Copy every entry exactly as it reads and exclude whatever pictures appear.

Captioned web images:
BEGIN

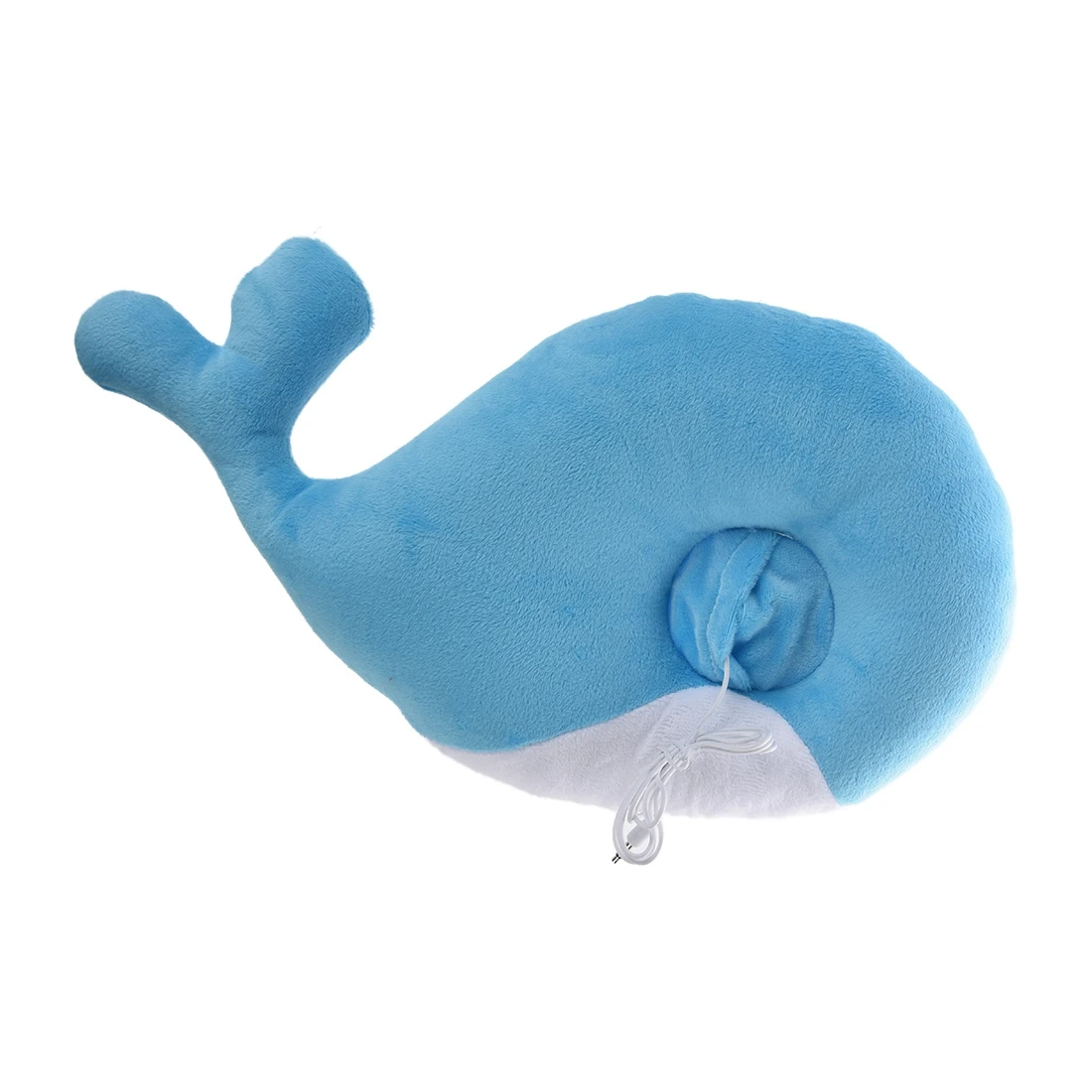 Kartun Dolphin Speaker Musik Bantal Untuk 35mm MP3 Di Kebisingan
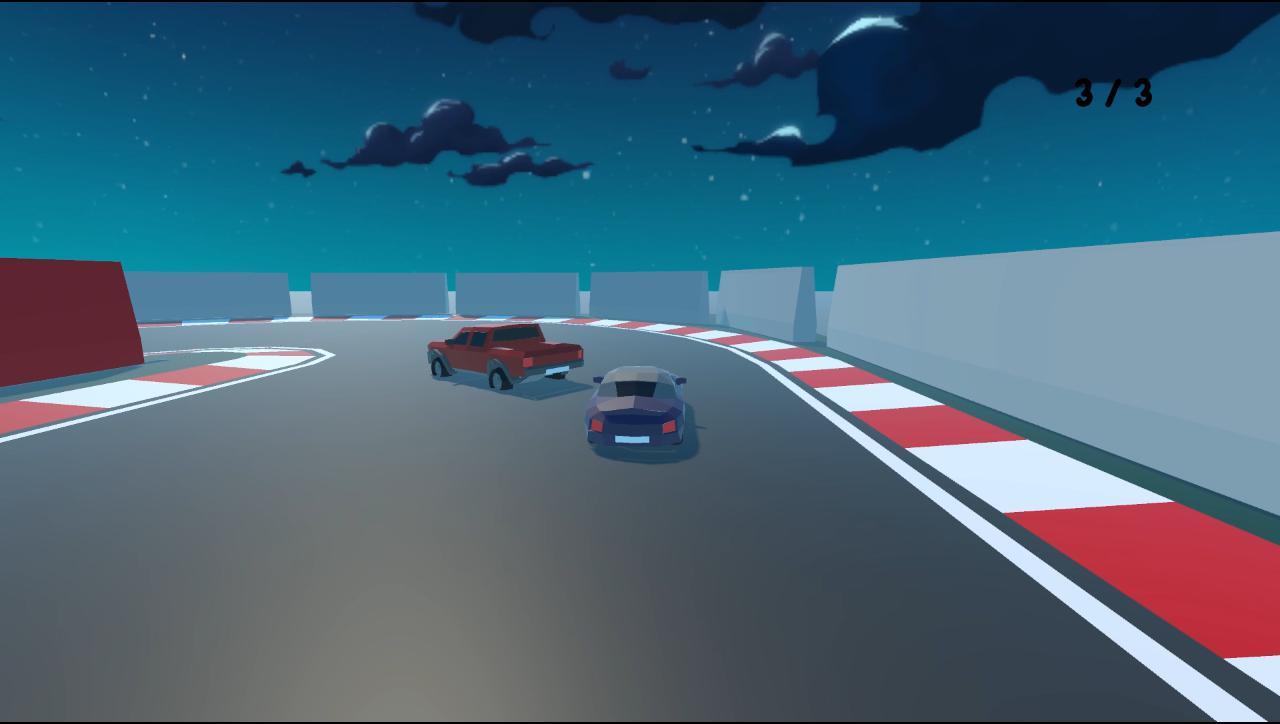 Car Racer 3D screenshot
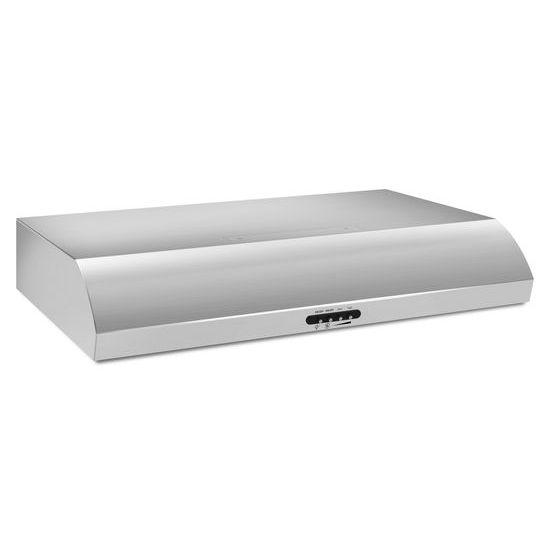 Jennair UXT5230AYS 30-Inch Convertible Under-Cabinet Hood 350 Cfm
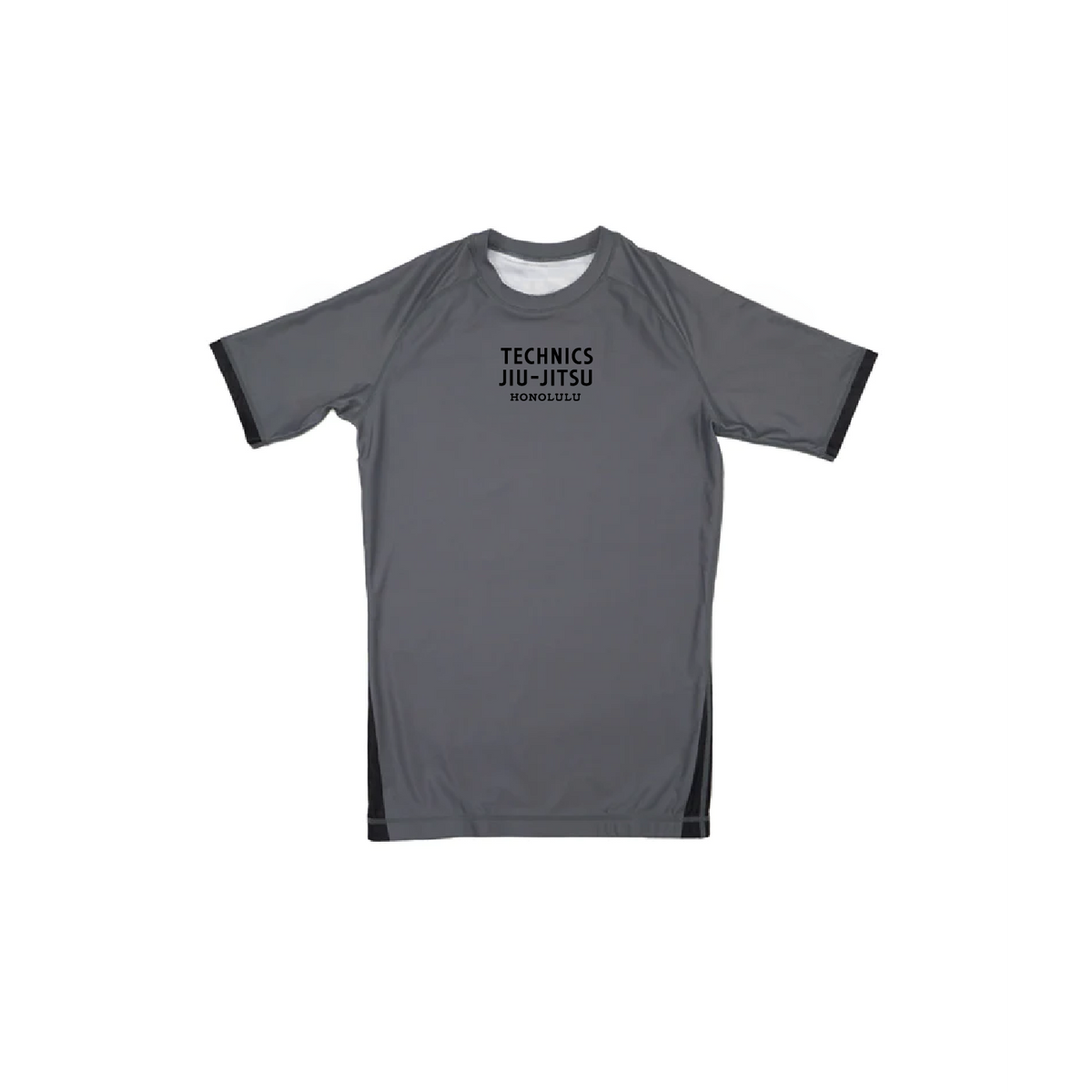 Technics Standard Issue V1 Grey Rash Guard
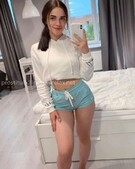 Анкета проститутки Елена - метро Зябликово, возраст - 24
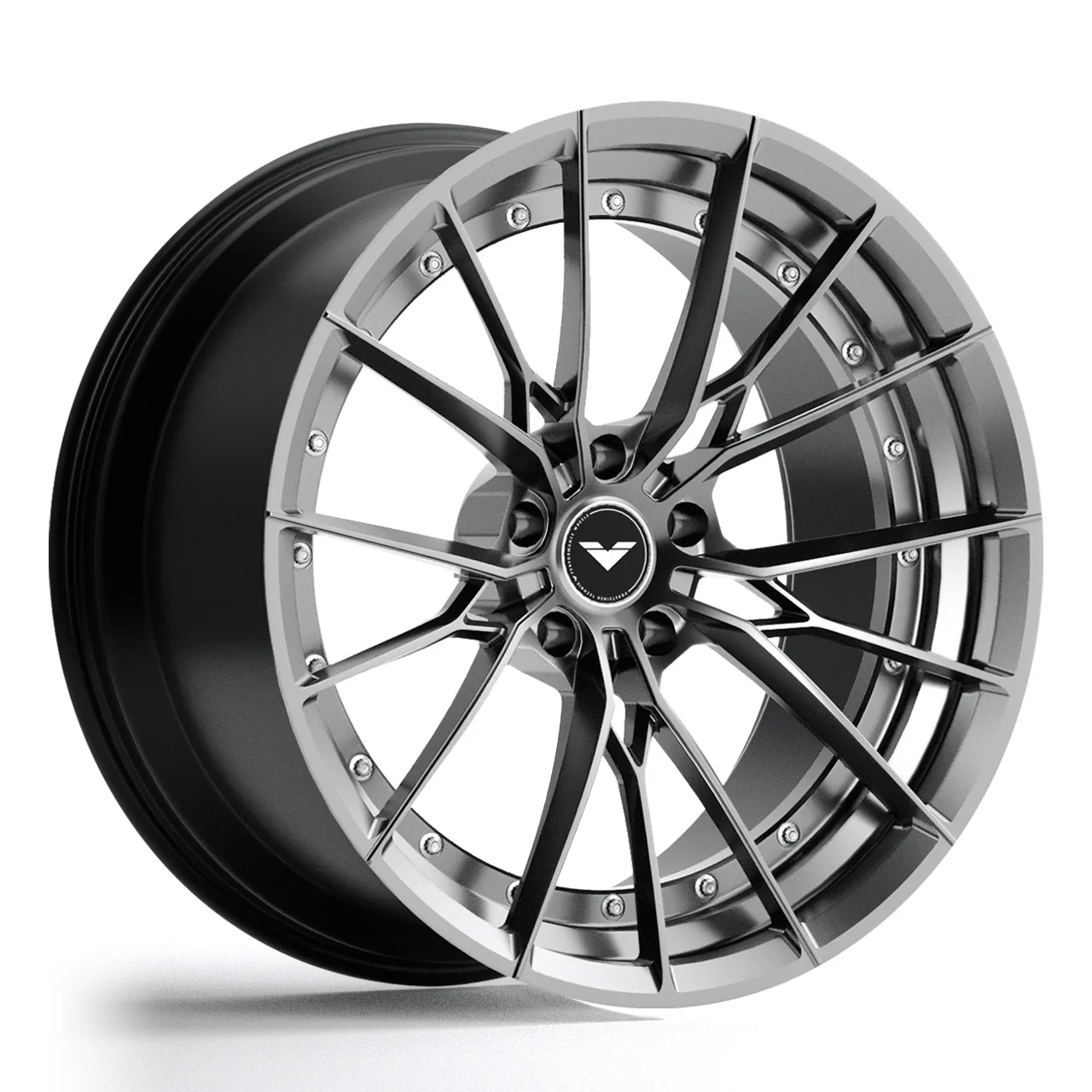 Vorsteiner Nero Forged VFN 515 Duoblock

END

● **Result**
 Kartun Dolphin Speaker Musik Bantal Untuk 35mm MP3 Di Kebisingan
 Car Racer 3D screenshot
 Jennair UXT5230AYS 30-Inch Convertible Under-Cabinet Hood 350 Cfm
 Technics Standard Issue V1 Grey Rash Guard
 Анкета проститутки Елена - метро Зябликово, возраст - 24
 Vorsteiner Nero Forged VFN 515 Duoblock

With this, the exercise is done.